Sam Ballard speaks to Larry Pimentel, president and CEO of Azamara Club Cruises, about how the increasingly popular line is dedicated to destination
Larry Pimentel is a man worth listening to. The president and CEO of Azamara Club Cruises has held the top job at luxury lines including SeaDream Yacht Club, Seabourn and Cunard making for a CV which is hard to beat. It also means that he offers a unique perspective when it comes to looking at the luxury sector and the wider travel industry.
During a recent conversation which covered everything from his views on the future of travel agencies (“they need to offer a return on life”) to the kind of company Azamara could become (“it’s conceivable we could offer land only holidays”), Pimentel’s comments were nothing but thoroughly insightful.
Azamara Club Cruises is on the verge of its most successful year ever. That comes down to a 50 per cent increase in capacity after the launch of Azamara Pursuit in Southampton last August. Pimentel has often said that if he could launch Azamara again he would make it a British company, such is the enthusiasm that Brits hold for it. British customers are more likely than any other nationality to rebook an Azamara cruise – 56 per cent compared to the company average of 41 per cent. In five years the UK business doubled, and net yield increased by 15 per cent last year. In January, on the day of Theresa May’s record-breaking Brexit vote defeat, Azamara enjoyed its biggest ever booking day in the UK. But why exactly is Azamara so popular with Britons?
“The destination is the number one reason that people book a cruise. That’s been the number one reason ever since I’ve been in the industry,” Pimentel explains. “Our entire product is designed around the destination. Our new brochure is called a Destination Guide, it doesn’t even have the word cruise on the cover. In 2020 we will have more than 441 late-night and overnight stays. Can you imagine calling at somewhere in the Mediterranean and leaving before evening? It’s when these destinations come to life.
“A lot of lines say they do overnights, but my question to them is what do you do overnight? They often don’t have much programming.”
With that exposure to destinations – across 2020, 47 per cent of cruises are down as being dedicated to one country (country intensive) plus the company has a burgeoning pre and post-cruise programme – the question arises whether Pimentel could foresee a time when Azamara could offer a holiday that is totally land-based?
“I see things like this [land offering] expanding a great deal.

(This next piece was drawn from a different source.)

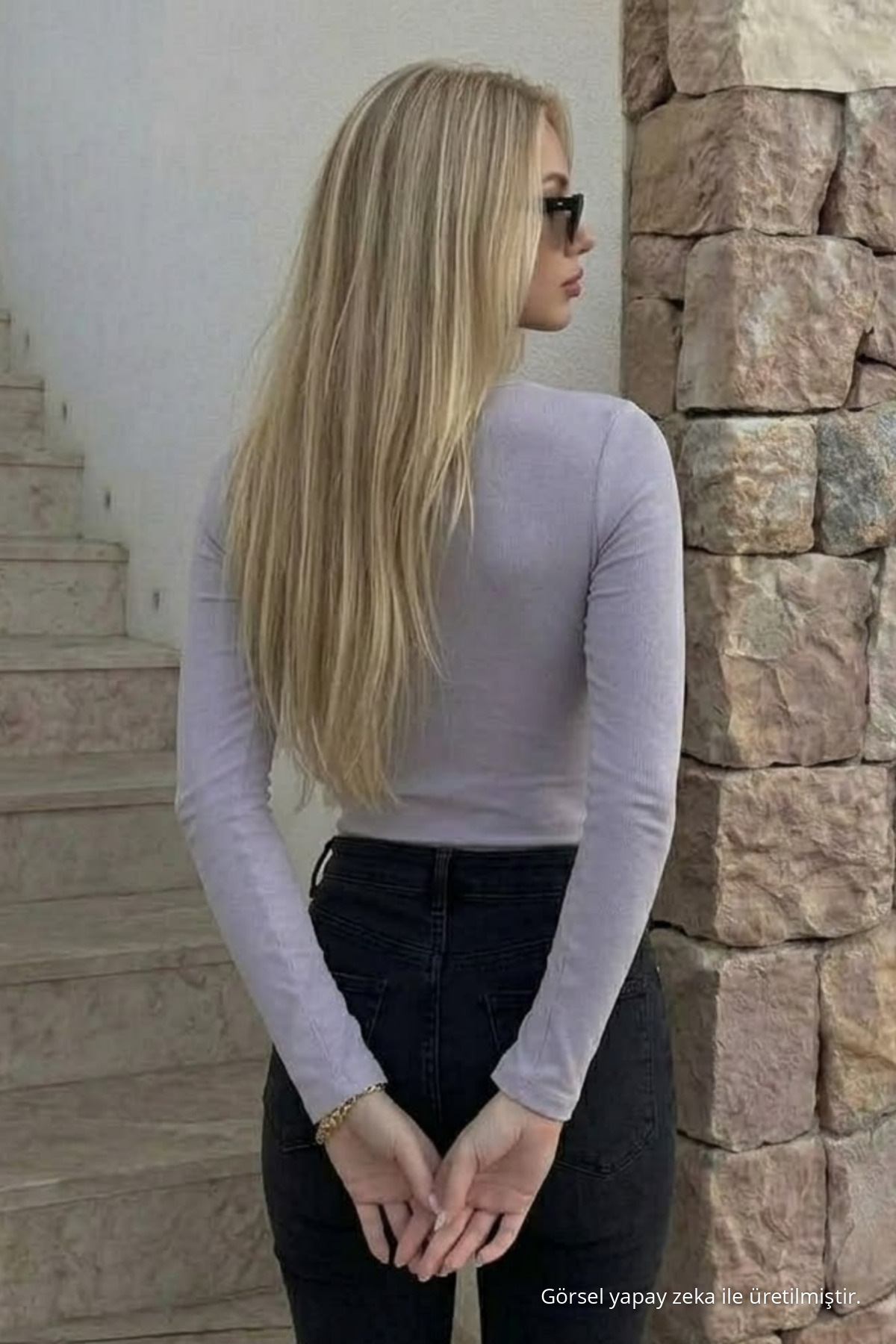 Kadın Premium Casual Gri Dar Bluz 6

So, could we be a land operator? The answer is yes,” Pimentel explains. “We have a very comprehensive offering. Our AzAmazing evenings are products that cannot be Googled. It’s fascinating how we put bits and pieces together to create an event that culturally connects people. They’re now done in over 80 countries with local companies. This is a brand with a purpose. We are connecting people.
“A few years ago the ship went to the Middle East and we went to a Bedouin tented community and stayed overnight. I tasted vegetables and fruits that I have never tasted before. I heard instruments that I have never heard before. This was while on a ‘cruise’.

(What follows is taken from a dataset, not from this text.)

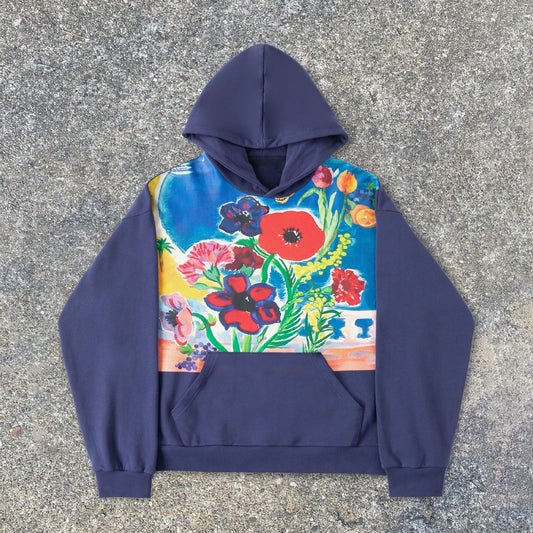 retro streetwear floral print street hoodies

“In many ways we are a no-cruise cruise line. We’re every bit about the destination. People like the ship very much – it gets them there but we’re a hybrid product. Could we one day sell land? I think that’s highly conceivable.”
In May, Pimentel will be one of the keynote speakers at Clia’s flagship conference alongside fellow industry luminaries like Virgin Voyages CEO Tom McAlpin. Pimentel’s talk will cover future travel trends, including the next generation of consumer and travel seller.
“Technology is changing the speed of everything. The market will never be slower than it is today,” Pimentel says. “You will see the elimination of money in your lifetime. We used to carry a huge amount of cash on our ships. Now there is hardly any.
“We have technology with Royal Caribbean called Excalibur that uses Face recognition technology. We won’t need you to sign for anything, your bill will go straight to your cabin. We’ll know whether you prefer chicken or beef. You can even check-in to your cruise by just walking through the terminal.”
When it comes to travel agents, the future is also going in only one way, Pimentel adds.
“Agents will need to be value interpreters,” he says. “You want to go to Venice? There are three choices if you want the best. I think for you this one is perfect. A financial adviser offers a return on investment, a travel agent must offer a return on life.
“It’s not about reading the brochure upside down faster. It’s all about knowledge.
The future is not in being a generalist. That will be online. Pick and click. EasyJet flights between Manchester and Spain for £29. You don’t need an interpreter for that and the airline industry has developed the technology to handle it.”
When it came to his own company’s growth, Pimentel says he would be happy to add to his collection of R-class ships – Azamara Quest, Journey and Pursuit are all R-class – from the now defunct Renaissance Cruises. The rest of the eight ships are spread across the industry with four of them with Oceania Cruises (Insignia, Regatta, Sirena and Nautica) and the Pacific Princess, which is sailing with Princess Cruises.
“Let’s just say it’s not a secret to anybody that has an R-class ship I am quite happy to take it,” Pimentel adds. “They can say that it does not work but our numbers show it does work, but we change the product.
“I happen to love the ships. I hope that we can get [another].”
When it all comes down to it, why risk it by waiting?